Inconveniently, the list of intrinsic functions is quite long and does not seem to follow a pattern.  ERROR_NUMBER and @@TRANCOUNT also force a serial plan, @@ERROR and @@NESTLEVEL do not.  The T-SQL scalar function restriction is also a bit sneaky.  Any reference to a table (or view) with a computed column that uses a T-SQL scalar function will result in a serial plan, even if the problematic column is not referenced in the query.

These query features are examples that require a serial zone in the plan:

  • TOP
  • Sequence project (e.g. ROW_NUMBER, RANK)
  • Multi-statement T-SQL table-valued functions
  • Backward range scans (forward is fine)
  • Global scalar aggregates
  • Common sub-expression spools
  • Recursive CTEs

The information presented above is based on the original list published by Craig Freedman, and updated for 2008 R2.

One way to check that a query does not have any parallelism-inhibiting components is to test the query using a CPU cost multiplier.  This should only be done on a private test system where you are able to flush the whole plan cache after testing.  The idea is to use an undocumented and unsupported DBCC command to temporarily increase the CPU cost of the query plan operators.  It is not a fool-proof test (some rare parallelizable queries will not generate a parallel plan with this technique) but it is quite reliable:

-- Query to test
FROM Production.Product AS p 
LEFT JOIN Production.TransactionHistory AS th ON 
    p.ProductID = th.ProductID

The final commands to reset the CPU weighting factor and flush the plan cache are very important.

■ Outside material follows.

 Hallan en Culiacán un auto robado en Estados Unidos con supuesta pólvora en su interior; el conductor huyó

If you get an parallel estimated plan for a particular test query, it shows that a parallel plan is at least possible.  Varying the value passed to the DBCC command adjusts the multiplier applied to normal CPU costs, so you will likely see different plans for different values.  The illustrated factor of a thousand is often enough to produce a parallel estimated plan, but you may need to experiment with higher values.  It is not recommended to use estimated plans obtained using this technique directly in USE PLAN hints or plan guides because these are not plans the optimizer would ever produce naturally.  To be clear, direct use of the plans would likely render a production system unsupported and the person responsible might be fired, shot, or possibly both.

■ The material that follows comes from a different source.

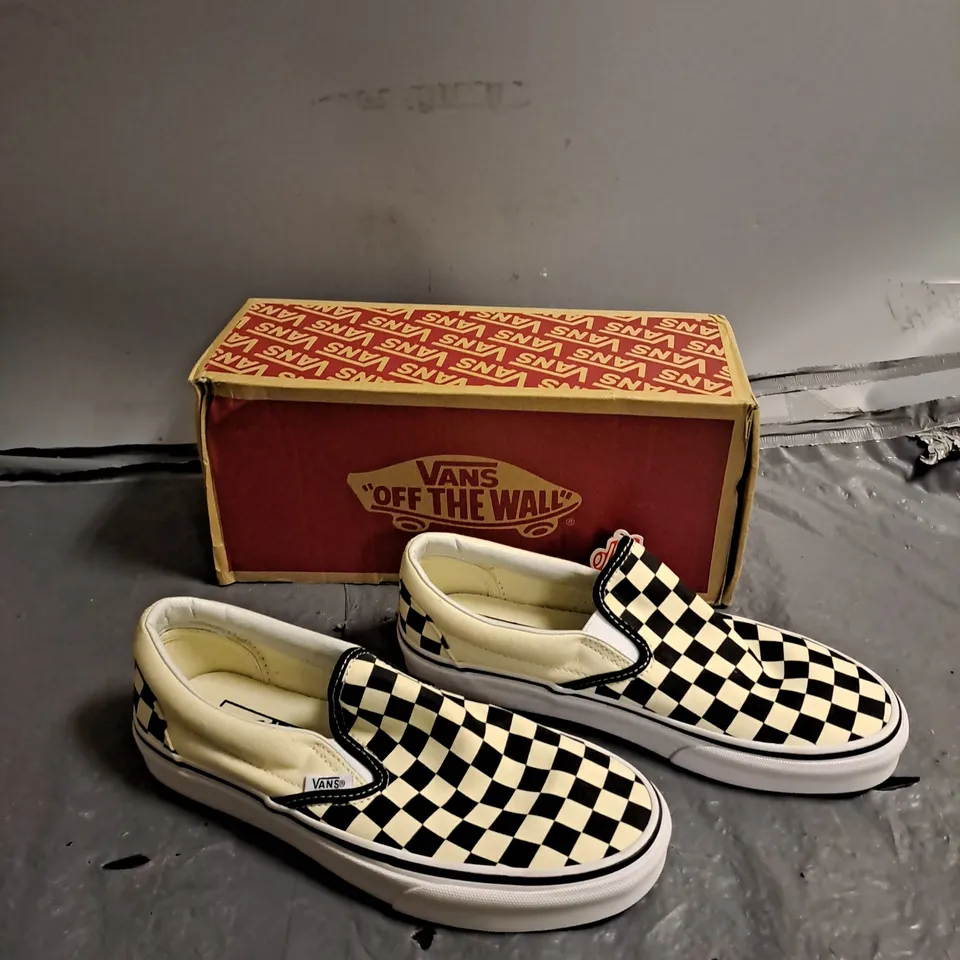 BOXED PAIR OF VANS CLASSIC SLIP ON CHECKERED UK 5.5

Cardinality Estimation Errors

If there is nothing that absolutely prevents parallelism in the target query, the optimizer may still choose a serial alternative if it has a lower estimated cost.  For that reason, there are a couple of things we can do to promote the parallel option here, all based on the very sound notion of giving the optimizer accurate information to base its estimates on.  The considerations here go well beyond just ensuring statistics are up-to-date, or building them with the FULLSCAN option.  For example, depending on the nature of the query, you may need to provide all or some of the following:

  • Multi-column statistics (for correlations)
  • Filtered statistics or indexes (for more histogram steps)
  • Computed columns on filtering expressions in the query (avoid cardinality guesses)
  • Good constraint information (foreign keys and check constraints)
  • Materialize parts of the query in temporary tables (more accurate statistics in deep plans)
  • Regular hints such as OPTIMIZE FOR

In general, anything you can do to ensure that estimated row counts are close to the runtime values will help the optimizer cost the serial and parallel alternatives more accurately.  Many failures to choose a parallel plan are caused by inaccurate row counts.

Model Limitations

SQL Server uses a model to estimate the runtime cost of each operator in a query plan.  The exact calculations vary between operators, but most are based on a minimum cost, with an additional per-row component.  None of these estimates of expected CPU and I/O cost take into account the specific hardware SQL Server finds itself running on.  The advantage of this is that plans from one machine can be readily reproduced and compared on another machine running the same version of the software, without having to worry about hardware differences.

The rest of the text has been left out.